What does constructivist theorist A. Wendt mean with his article "Anarchy is What States Make of it"?
This is a long article that is one of the seminal works of theory in the field of International Relations. A full summary is impossible in the space available here. What I can give is a very basic summary of Wendt's major point.
In this article, Wendt is taking issue with the main claim that realists make -- that states are forced to act in certain ways because the international system is anarchical. Realists claim that anarchy, by necessity, causes states to come into conflict with one another.
Wendt takes issue with this. He argues that there is nothing in anarchy that makes conflict necessary. Instead, he says, states' actions towards one another are based on their attitudes towards themselves and toward other states. In other words, Wendt is saying that a state develops its own identity and it gives identities to other states. It acts towards other states based on how those identities match up.

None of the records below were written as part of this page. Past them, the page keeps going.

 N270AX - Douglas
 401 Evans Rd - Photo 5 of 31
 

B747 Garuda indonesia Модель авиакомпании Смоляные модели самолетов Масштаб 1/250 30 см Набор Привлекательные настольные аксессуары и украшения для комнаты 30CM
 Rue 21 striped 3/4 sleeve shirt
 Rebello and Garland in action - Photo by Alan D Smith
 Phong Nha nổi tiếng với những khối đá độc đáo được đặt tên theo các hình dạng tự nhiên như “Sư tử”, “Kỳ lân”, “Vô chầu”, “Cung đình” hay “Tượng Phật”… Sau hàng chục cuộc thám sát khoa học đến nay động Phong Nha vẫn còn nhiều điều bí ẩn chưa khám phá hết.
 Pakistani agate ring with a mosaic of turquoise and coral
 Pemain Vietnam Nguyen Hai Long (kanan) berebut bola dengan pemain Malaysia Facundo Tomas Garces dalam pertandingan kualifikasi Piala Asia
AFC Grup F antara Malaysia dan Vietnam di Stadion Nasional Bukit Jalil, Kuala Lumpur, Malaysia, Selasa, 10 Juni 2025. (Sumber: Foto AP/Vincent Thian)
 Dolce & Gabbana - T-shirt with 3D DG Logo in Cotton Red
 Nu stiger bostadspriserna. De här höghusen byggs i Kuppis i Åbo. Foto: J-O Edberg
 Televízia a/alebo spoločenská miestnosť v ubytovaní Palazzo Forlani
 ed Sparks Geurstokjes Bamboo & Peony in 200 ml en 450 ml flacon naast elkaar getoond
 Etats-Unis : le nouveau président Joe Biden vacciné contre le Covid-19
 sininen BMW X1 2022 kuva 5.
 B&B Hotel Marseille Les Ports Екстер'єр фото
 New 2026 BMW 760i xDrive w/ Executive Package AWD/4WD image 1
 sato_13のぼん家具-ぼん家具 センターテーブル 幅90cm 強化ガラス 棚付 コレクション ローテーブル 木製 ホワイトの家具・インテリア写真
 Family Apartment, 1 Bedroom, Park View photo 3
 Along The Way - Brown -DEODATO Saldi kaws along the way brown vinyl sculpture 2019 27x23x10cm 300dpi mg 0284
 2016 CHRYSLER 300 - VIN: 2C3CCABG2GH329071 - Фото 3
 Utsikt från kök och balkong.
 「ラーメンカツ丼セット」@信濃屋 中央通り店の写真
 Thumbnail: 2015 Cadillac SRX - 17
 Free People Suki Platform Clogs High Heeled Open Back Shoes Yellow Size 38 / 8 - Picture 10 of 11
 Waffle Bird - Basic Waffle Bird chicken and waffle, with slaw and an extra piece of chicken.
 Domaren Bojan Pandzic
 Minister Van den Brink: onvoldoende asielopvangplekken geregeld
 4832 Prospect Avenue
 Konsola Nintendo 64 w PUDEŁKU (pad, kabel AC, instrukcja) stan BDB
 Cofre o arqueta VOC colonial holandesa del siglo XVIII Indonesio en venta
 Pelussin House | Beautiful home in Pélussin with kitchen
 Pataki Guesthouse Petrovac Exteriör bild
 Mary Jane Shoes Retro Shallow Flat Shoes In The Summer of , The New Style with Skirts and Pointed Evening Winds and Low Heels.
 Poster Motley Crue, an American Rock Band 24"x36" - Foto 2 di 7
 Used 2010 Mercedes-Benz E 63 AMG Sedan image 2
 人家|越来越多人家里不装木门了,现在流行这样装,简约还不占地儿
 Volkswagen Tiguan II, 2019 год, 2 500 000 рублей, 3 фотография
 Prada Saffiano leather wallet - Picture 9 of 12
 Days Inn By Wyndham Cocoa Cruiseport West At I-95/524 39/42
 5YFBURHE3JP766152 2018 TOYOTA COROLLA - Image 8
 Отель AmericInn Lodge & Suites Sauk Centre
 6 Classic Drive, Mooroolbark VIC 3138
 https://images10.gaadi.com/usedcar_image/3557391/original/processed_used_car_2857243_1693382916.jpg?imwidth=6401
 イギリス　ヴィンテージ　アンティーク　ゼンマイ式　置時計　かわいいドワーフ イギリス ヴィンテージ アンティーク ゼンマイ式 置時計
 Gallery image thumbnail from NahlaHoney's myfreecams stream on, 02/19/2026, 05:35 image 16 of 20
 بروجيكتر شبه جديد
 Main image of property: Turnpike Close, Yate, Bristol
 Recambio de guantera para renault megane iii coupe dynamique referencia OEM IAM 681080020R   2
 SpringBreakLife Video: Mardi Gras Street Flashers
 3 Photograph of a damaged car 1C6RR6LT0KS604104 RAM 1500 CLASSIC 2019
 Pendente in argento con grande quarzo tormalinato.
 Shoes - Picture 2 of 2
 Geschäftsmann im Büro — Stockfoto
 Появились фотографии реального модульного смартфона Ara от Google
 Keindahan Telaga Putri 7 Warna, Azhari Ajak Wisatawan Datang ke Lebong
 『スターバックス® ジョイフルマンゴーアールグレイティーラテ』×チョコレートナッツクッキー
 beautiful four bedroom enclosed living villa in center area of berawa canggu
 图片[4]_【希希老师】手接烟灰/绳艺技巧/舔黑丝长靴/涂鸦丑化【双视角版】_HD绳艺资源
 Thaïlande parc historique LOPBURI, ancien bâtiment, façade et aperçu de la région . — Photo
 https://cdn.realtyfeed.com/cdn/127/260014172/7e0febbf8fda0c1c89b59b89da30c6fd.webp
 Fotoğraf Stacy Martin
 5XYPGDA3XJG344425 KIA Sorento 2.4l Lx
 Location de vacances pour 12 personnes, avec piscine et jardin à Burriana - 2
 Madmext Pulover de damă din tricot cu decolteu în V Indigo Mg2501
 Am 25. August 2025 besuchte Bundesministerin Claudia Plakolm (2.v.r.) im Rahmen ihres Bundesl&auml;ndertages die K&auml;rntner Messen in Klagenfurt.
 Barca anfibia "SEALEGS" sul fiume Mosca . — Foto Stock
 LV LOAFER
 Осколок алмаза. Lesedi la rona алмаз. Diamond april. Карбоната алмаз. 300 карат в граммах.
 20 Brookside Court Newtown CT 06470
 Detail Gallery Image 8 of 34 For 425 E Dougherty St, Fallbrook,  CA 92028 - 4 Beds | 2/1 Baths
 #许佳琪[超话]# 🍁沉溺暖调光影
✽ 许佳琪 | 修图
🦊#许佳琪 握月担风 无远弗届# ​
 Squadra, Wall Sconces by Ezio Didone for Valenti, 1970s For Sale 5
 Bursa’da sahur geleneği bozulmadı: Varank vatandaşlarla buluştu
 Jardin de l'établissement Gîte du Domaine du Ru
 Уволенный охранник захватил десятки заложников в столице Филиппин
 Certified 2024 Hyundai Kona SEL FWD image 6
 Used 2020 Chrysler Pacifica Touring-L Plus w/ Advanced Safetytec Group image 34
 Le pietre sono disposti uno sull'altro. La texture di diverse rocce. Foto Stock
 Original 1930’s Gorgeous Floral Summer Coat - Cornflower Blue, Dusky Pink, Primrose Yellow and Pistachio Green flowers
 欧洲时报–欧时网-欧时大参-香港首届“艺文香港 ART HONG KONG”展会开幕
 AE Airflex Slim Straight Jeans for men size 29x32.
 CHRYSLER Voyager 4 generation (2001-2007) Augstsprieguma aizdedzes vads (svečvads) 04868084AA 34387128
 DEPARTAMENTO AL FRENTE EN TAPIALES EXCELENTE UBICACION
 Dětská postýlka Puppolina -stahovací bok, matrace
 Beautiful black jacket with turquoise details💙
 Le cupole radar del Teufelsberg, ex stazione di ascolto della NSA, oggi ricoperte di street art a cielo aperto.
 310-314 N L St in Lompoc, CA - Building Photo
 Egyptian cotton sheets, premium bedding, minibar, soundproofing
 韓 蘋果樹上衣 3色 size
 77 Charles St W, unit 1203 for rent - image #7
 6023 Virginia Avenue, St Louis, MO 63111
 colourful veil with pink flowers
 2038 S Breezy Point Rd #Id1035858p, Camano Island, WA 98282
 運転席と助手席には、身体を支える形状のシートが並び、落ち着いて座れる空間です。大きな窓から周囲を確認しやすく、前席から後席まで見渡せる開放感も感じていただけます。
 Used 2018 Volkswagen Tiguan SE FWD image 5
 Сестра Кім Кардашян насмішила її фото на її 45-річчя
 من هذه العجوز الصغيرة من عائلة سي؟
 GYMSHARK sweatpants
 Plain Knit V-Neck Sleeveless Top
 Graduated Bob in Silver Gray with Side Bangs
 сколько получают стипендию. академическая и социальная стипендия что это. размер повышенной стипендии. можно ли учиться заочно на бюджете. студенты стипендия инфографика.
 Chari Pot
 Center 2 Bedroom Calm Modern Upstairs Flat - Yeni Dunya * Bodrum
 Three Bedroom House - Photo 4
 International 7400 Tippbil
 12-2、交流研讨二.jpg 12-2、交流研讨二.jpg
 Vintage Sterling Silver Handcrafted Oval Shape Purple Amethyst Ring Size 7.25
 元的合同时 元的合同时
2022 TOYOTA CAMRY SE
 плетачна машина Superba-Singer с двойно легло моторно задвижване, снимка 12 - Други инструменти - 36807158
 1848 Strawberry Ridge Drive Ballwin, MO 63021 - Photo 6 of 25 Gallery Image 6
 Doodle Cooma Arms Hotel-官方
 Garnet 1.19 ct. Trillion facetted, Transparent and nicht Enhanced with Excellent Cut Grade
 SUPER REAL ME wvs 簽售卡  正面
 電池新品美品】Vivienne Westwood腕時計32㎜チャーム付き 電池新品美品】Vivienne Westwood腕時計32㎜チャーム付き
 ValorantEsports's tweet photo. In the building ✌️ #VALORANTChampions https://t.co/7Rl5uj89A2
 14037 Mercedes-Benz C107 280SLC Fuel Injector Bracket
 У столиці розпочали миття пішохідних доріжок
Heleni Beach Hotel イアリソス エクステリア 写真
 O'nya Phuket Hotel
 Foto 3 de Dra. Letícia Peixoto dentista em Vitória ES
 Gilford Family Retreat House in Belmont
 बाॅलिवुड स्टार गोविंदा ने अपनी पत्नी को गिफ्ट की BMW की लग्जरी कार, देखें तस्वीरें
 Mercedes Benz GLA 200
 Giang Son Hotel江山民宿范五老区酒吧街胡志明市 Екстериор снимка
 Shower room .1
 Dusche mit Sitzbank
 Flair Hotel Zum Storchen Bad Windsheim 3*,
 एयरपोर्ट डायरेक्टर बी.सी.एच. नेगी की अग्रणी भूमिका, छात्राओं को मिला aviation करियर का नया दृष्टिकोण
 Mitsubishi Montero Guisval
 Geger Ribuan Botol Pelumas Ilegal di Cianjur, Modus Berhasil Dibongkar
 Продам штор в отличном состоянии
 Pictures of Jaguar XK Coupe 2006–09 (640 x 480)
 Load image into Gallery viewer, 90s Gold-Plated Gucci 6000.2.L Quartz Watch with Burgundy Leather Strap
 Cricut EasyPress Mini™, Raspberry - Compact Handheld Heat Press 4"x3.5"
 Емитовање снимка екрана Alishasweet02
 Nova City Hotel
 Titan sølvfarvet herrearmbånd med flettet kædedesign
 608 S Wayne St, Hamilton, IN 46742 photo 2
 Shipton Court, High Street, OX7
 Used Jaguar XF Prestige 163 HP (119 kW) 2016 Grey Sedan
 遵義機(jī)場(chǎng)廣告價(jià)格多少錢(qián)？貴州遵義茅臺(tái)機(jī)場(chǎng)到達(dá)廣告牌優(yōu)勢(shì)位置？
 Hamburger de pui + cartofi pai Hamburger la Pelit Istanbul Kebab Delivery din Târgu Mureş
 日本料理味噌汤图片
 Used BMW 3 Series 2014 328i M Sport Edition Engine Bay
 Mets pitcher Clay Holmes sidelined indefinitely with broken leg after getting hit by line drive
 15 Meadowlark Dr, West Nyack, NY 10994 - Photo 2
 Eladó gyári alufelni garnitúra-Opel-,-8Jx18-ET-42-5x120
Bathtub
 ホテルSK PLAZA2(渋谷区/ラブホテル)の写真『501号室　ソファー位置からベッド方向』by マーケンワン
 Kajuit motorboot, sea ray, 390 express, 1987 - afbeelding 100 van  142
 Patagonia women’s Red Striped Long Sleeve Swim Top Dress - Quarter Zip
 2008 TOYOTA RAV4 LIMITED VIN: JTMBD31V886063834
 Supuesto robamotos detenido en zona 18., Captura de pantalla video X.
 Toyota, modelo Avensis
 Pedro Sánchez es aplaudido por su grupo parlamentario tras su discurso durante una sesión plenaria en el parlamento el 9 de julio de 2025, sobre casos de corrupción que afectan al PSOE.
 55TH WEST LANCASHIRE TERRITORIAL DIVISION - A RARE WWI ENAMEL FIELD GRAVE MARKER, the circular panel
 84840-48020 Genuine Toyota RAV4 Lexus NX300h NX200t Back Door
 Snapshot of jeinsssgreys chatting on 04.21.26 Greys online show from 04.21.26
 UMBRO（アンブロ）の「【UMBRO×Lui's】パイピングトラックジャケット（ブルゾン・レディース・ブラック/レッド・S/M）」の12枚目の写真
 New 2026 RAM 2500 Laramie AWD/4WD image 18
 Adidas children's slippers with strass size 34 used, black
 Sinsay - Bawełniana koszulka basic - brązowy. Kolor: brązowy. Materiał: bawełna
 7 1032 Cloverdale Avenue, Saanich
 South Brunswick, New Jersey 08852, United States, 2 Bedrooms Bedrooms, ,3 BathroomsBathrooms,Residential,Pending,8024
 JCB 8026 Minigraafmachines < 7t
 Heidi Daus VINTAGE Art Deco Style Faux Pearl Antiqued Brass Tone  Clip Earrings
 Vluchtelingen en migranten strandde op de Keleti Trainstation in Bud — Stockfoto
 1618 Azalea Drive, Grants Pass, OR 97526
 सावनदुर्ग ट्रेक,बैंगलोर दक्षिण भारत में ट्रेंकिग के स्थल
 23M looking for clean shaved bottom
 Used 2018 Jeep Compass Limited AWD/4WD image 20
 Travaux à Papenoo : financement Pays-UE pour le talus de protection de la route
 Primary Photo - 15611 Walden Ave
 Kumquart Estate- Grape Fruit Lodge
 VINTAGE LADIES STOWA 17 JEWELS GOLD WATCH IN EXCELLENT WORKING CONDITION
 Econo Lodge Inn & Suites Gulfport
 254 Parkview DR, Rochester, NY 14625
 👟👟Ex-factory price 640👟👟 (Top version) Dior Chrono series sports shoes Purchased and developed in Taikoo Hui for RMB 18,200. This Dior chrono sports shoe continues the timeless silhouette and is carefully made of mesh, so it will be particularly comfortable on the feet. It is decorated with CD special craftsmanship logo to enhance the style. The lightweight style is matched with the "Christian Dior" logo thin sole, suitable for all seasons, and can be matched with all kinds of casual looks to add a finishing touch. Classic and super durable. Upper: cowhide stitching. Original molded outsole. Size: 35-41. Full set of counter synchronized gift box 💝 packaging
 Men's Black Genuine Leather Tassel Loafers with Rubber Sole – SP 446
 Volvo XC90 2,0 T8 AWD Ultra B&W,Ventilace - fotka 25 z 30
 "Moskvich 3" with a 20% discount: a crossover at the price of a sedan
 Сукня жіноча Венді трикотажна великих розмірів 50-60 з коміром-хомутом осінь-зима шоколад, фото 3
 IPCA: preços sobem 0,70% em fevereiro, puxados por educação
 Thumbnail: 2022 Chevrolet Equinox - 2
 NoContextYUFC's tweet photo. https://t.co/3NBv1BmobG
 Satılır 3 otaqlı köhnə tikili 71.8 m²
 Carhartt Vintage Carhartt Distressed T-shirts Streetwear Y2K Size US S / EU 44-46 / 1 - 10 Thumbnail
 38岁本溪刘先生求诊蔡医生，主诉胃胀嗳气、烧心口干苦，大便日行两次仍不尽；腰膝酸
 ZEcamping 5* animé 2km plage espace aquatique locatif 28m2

Perhaps you can think of this by means of an example. Iran sees itself today as a major Islamic power that should have more influence in its region. It sees the US as the major threat to it both as a Muslim country and a regional power. Therefore, it acts aggressively towards the US. By contrast, Saudi Arabia does not act aggressively toward the US because it has not constructed this image of the US as a "Great Satan" that hates all Muslims.
So what Wendt is saying is that states construct visions of themselves and others and act based on those visions, not on the basis of the fact that the international system is anarchical.